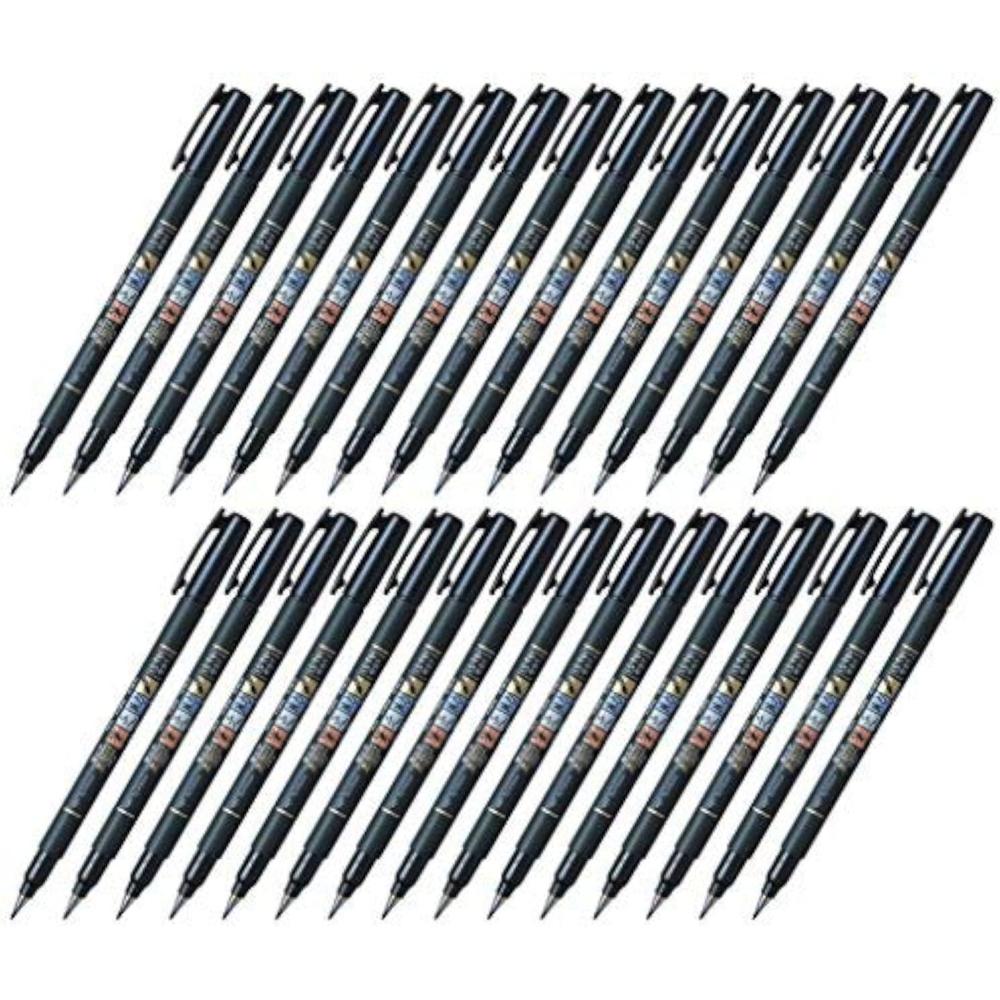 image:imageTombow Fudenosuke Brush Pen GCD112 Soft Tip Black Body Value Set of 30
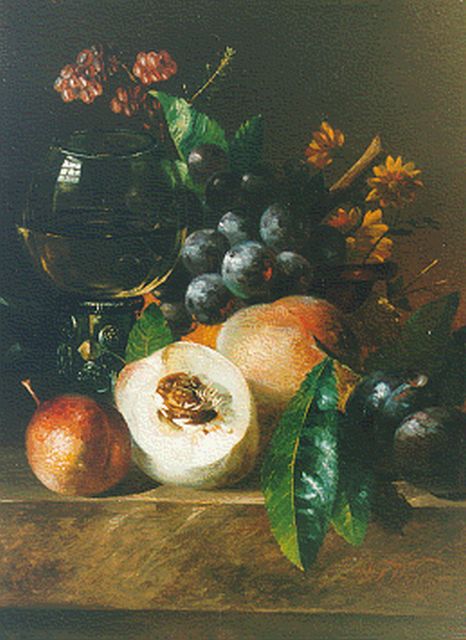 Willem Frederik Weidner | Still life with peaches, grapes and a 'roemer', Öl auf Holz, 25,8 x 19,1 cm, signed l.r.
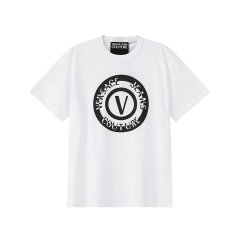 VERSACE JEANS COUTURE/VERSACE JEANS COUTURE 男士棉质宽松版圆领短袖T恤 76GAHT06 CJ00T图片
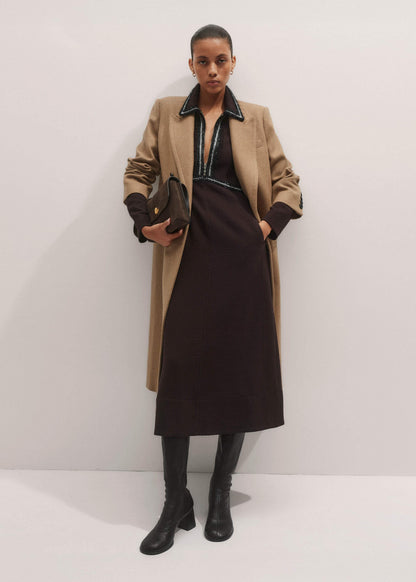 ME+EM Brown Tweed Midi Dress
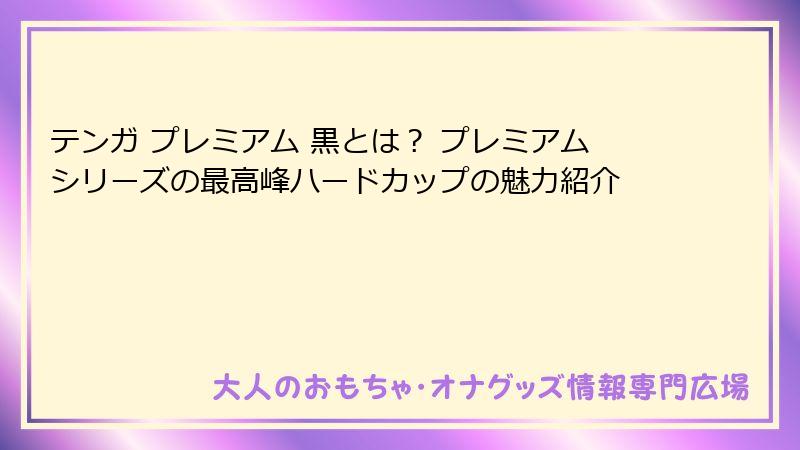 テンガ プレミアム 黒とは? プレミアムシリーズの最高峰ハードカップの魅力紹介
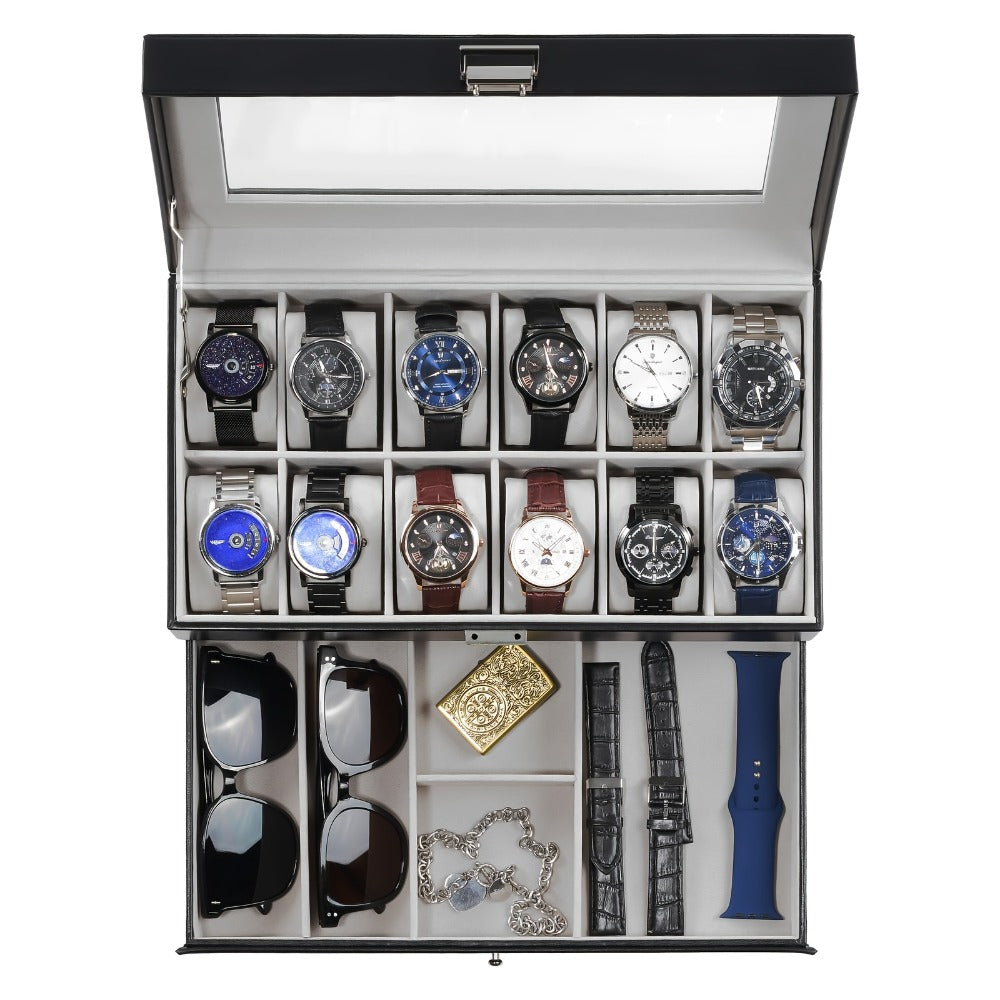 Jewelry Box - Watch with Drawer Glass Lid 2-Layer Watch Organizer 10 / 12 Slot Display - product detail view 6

---

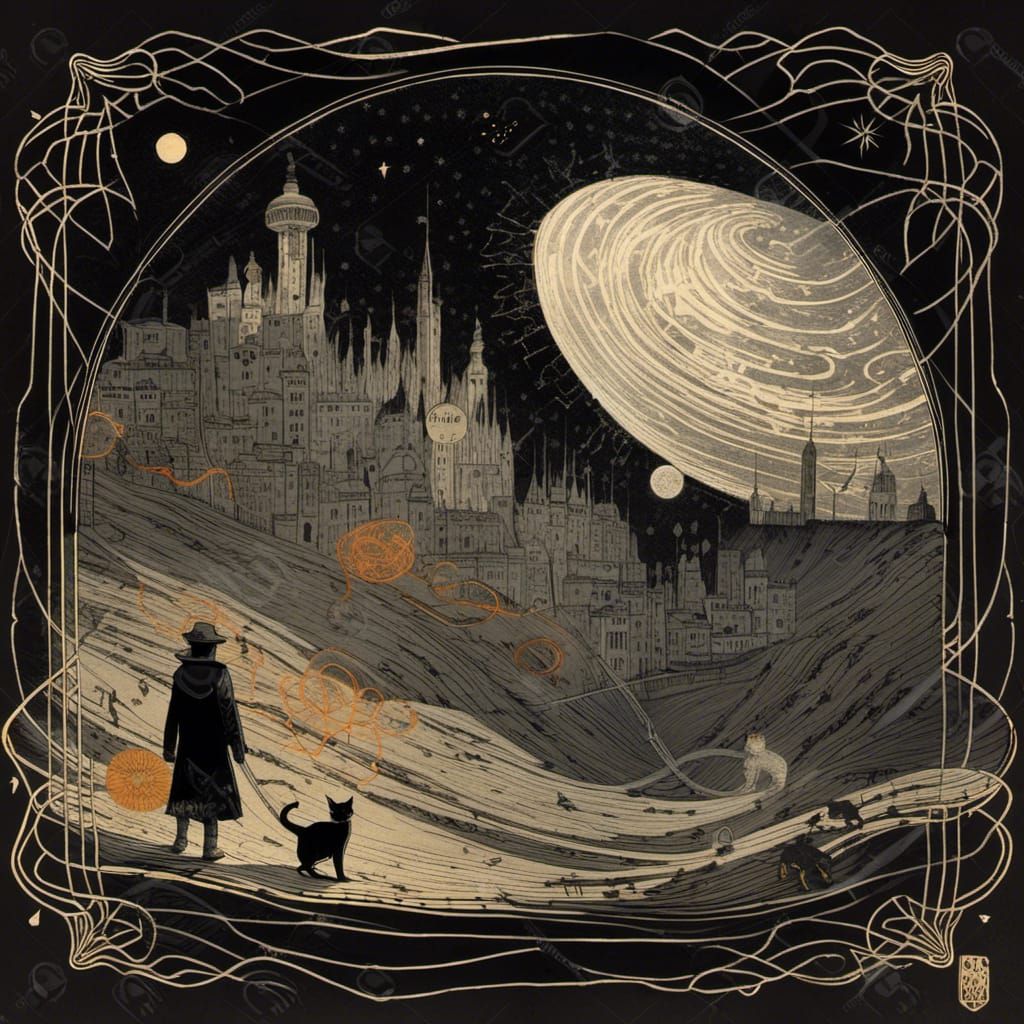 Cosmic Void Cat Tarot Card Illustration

● **Your task**: In the records above, everything from the line with "image:imageTombow Fudenosuke Brush" down to the line with "Jewelry Box - Watch" is to be set down exactly, both ends included, with no pictures and no other lines.

● **Output of the exercise**:
 image:imageTombow Fudenosuke Brush Pen GCD112 Soft Tip Black Body Value Set of 30
 Willem Frederik Weidner | Still life with peaches, grapes and a 'roemer', Öl auf Holz, 25,8 x 19,1 cm, signed l.r.
 VERSACE JEANS COUTURE/VERSACE JEANS COUTURE 男士棉质宽松版圆领短袖T恤 76GAHT06 CJ00T图片
 ME+EM Brown Tweed Midi Dress
 テンガ プレミアム 黒とは? プレミアムシリーズの最高峰ハードカップの魅力紹介
 Jewelry Box - Watch with Drawer Glass Lid 2-Layer Watch Organizer 10 / 12 Slot Display - product detail view 6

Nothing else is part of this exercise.